Caption-style text data
※ ※ ※

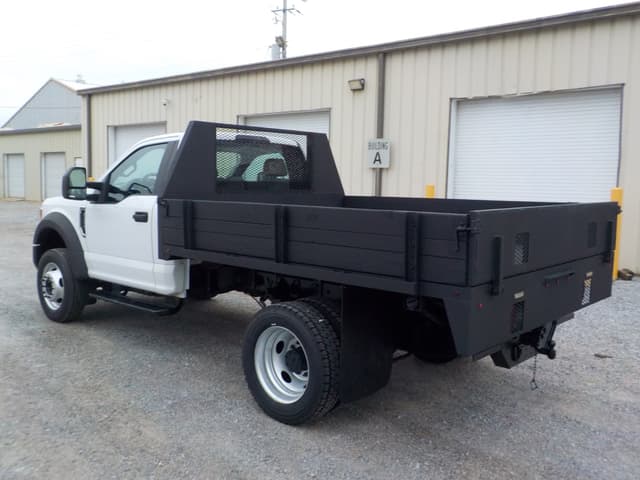 Image of Ford F-450 equipment image 3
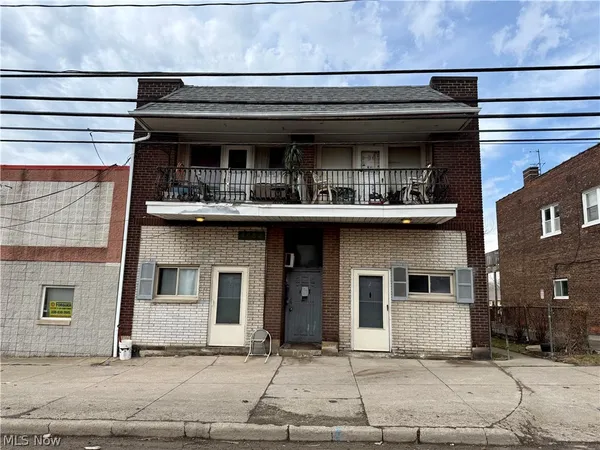 $855 | 4652 Warner Road, Unit 3, Cleveland, OH 44125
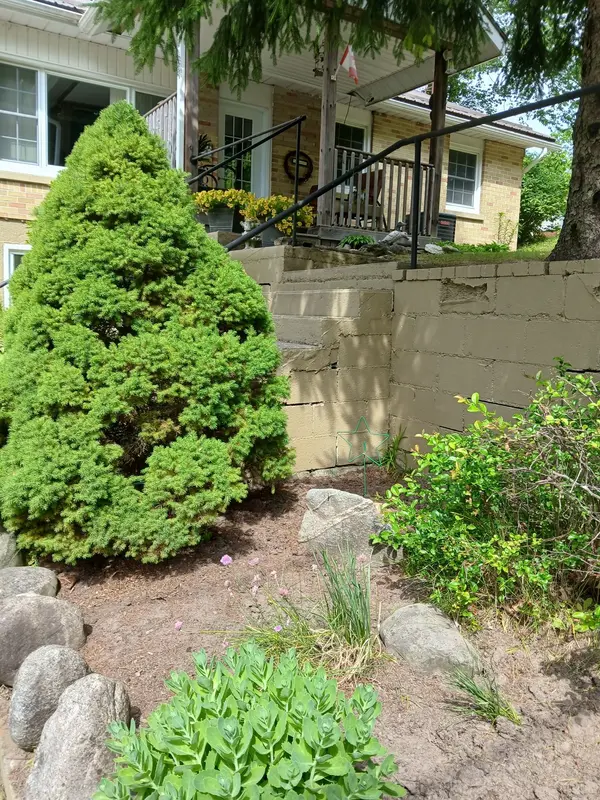 40 Zion RD, Quinte West, ON K0K 2C0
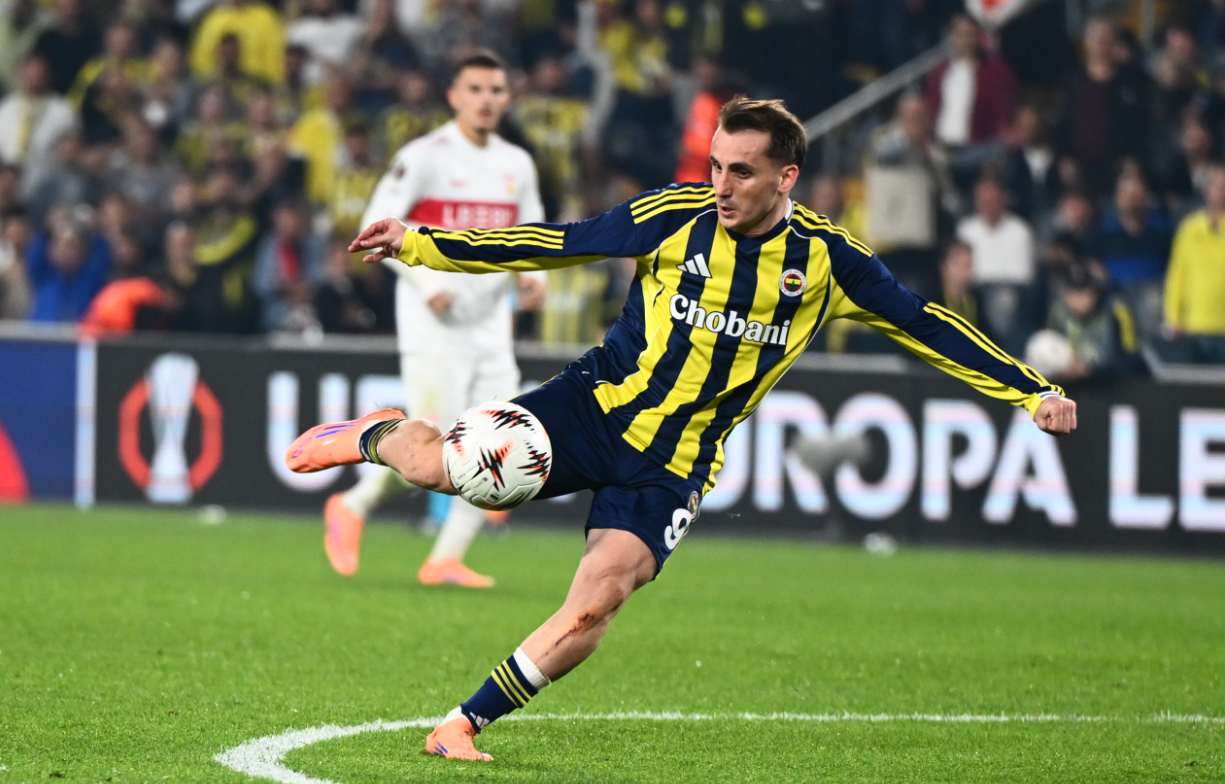 Fenerbahçe Stuttgart Avrupa Ligi Kerem Aktürkoğlu 3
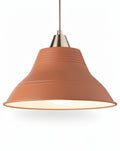 **Technische titel in het Nederlands:** Hanglamp van terracotta met glanzend chroomdetail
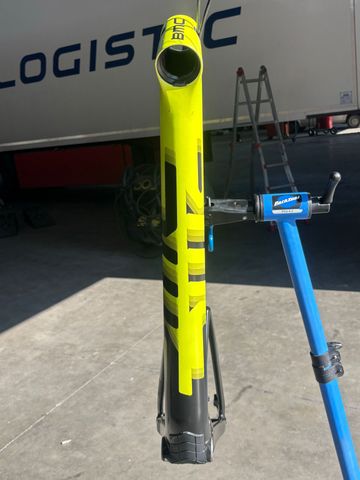 Käytetty BMC Fourstroke 01 FRS 2024 Frameset 2024 Mountainbike — kuva 8 / 11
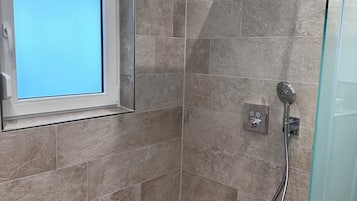Duschwanne, Haartrockner, Handtücher, Toilettenpapier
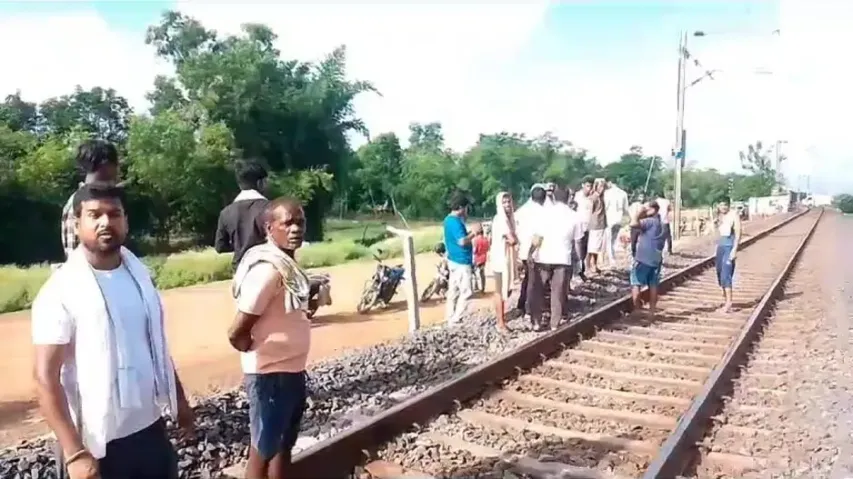 2 killed after being hit by Puri-Howrah Express near Bahanaga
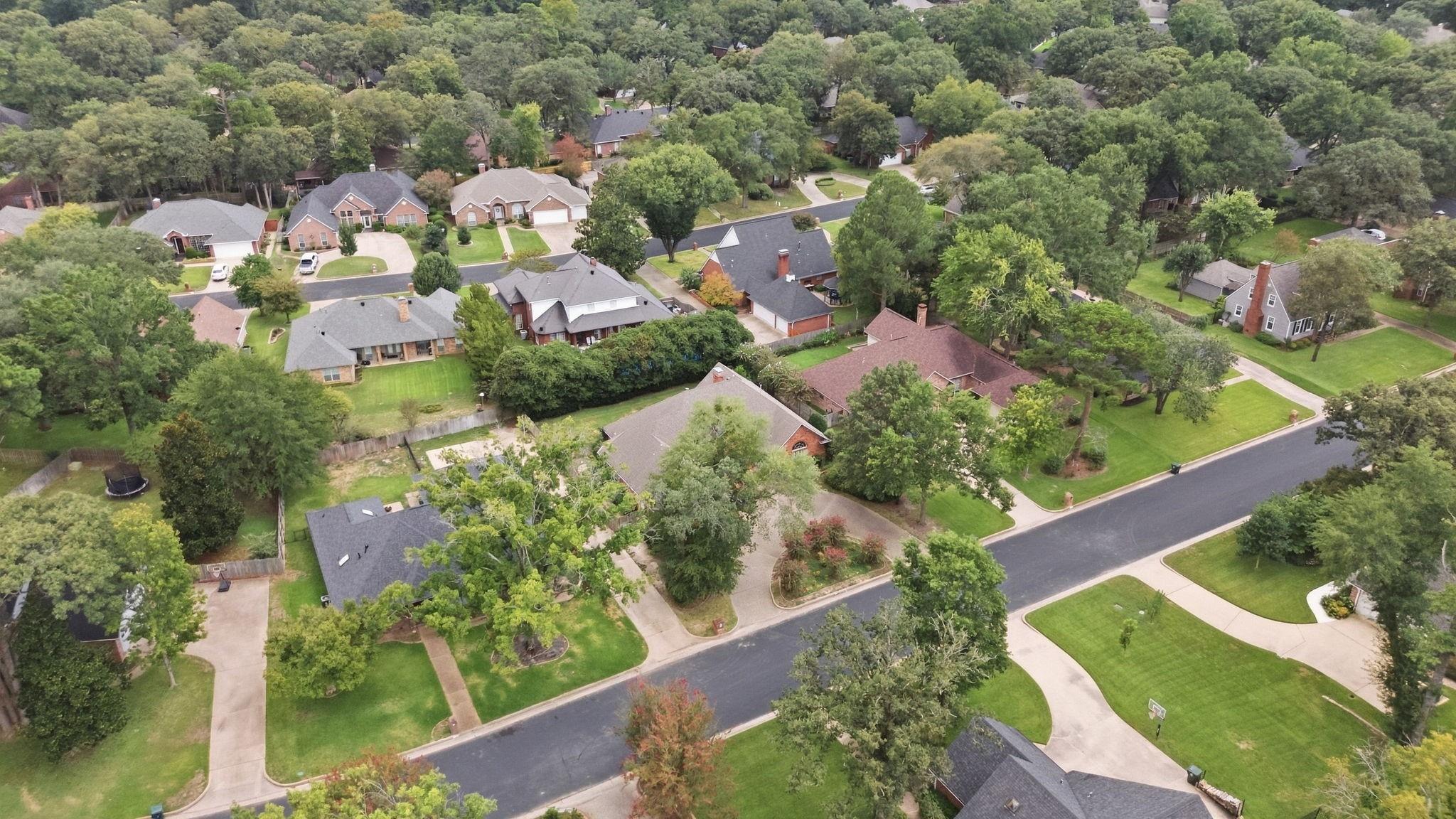 main property photo 32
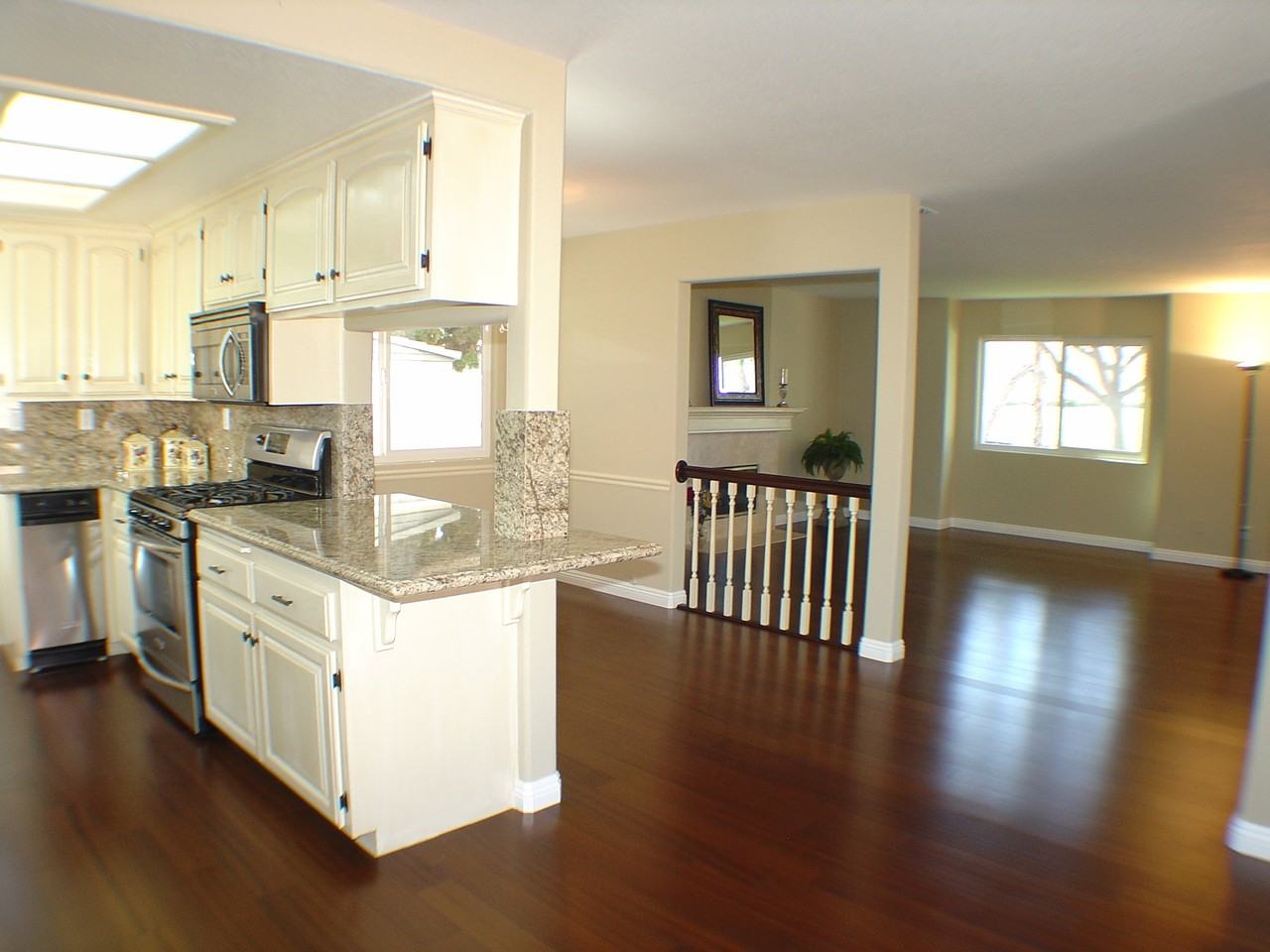 18500 Kingsdale Ave #0 - Photo 5 of 10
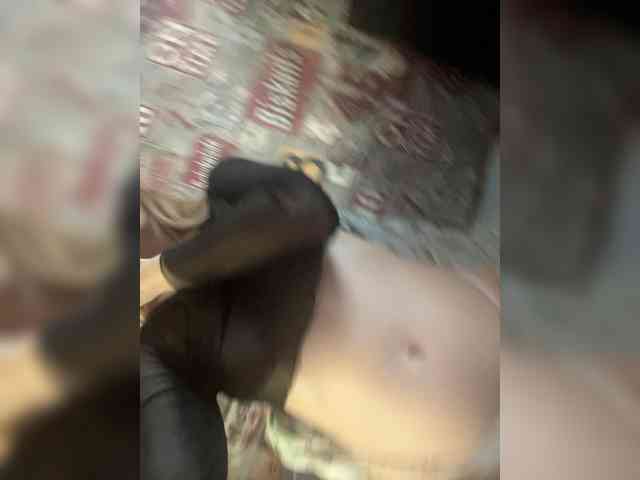 Sara102 webcam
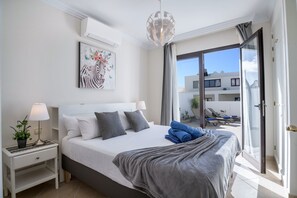 4 habitaciones, tabla de planchar con plancha y wifi gratis 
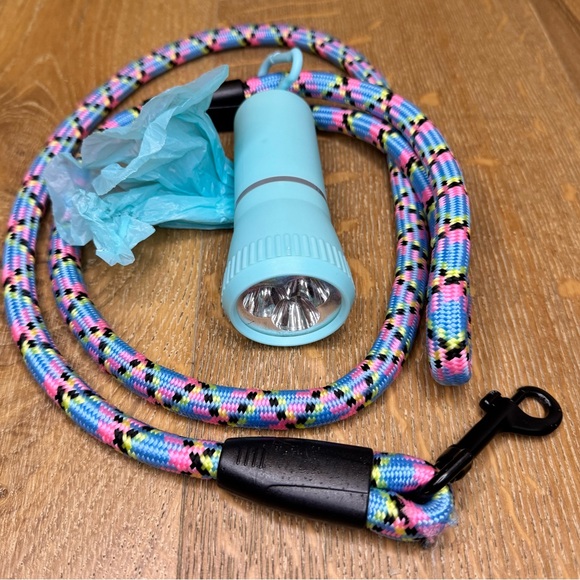 Dog Puppy Cat Walk Set Kit harness Leash Bag Holder Flashlight 80s Style Neon - Picture 4 of 11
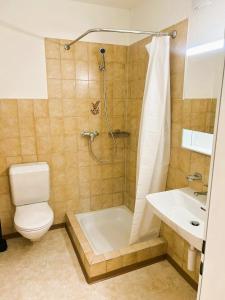 Ένα μπάνιο στο Zurich City Center Apartments next to Zurich HB Main Train Station LA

※ ※ ※

**Work required:**
Output exactly and only the lines from the line containing "Fenerbahçe Stuttgart Avrupa" to the end of the entries, both included, and omit every picture.

**Your response:**
 Fenerbahçe Stuttgart Avrupa Ligi Kerem Aktürkoğlu 3
 **Technische titel in het Nederlands:** Hanglamp van terracotta met glanzend chroomdetail
 Käytetty BMC Fourstroke 01 FRS 2024 Frameset 2024 Mountainbike — kuva 8 / 11
Duschwanne, Haartrockner, Handtücher, Toilettenpapier
 2 killed after being hit by Puri-Howrah Express near Bahanaga
 main property photo 32
 18500 Kingsdale Ave #0 - Photo 5 of 10
 Sara102 webcam
 4 habitaciones, tabla de planchar con plancha y wifi gratis 
 Dog Puppy Cat Walk Set Kit harness Leash Bag Holder Flashlight 80s Style Neon - Picture 4 of 11
 Ένα μπάνιο στο Zurich City Center Apartments next to Zurich HB Main Train Station LA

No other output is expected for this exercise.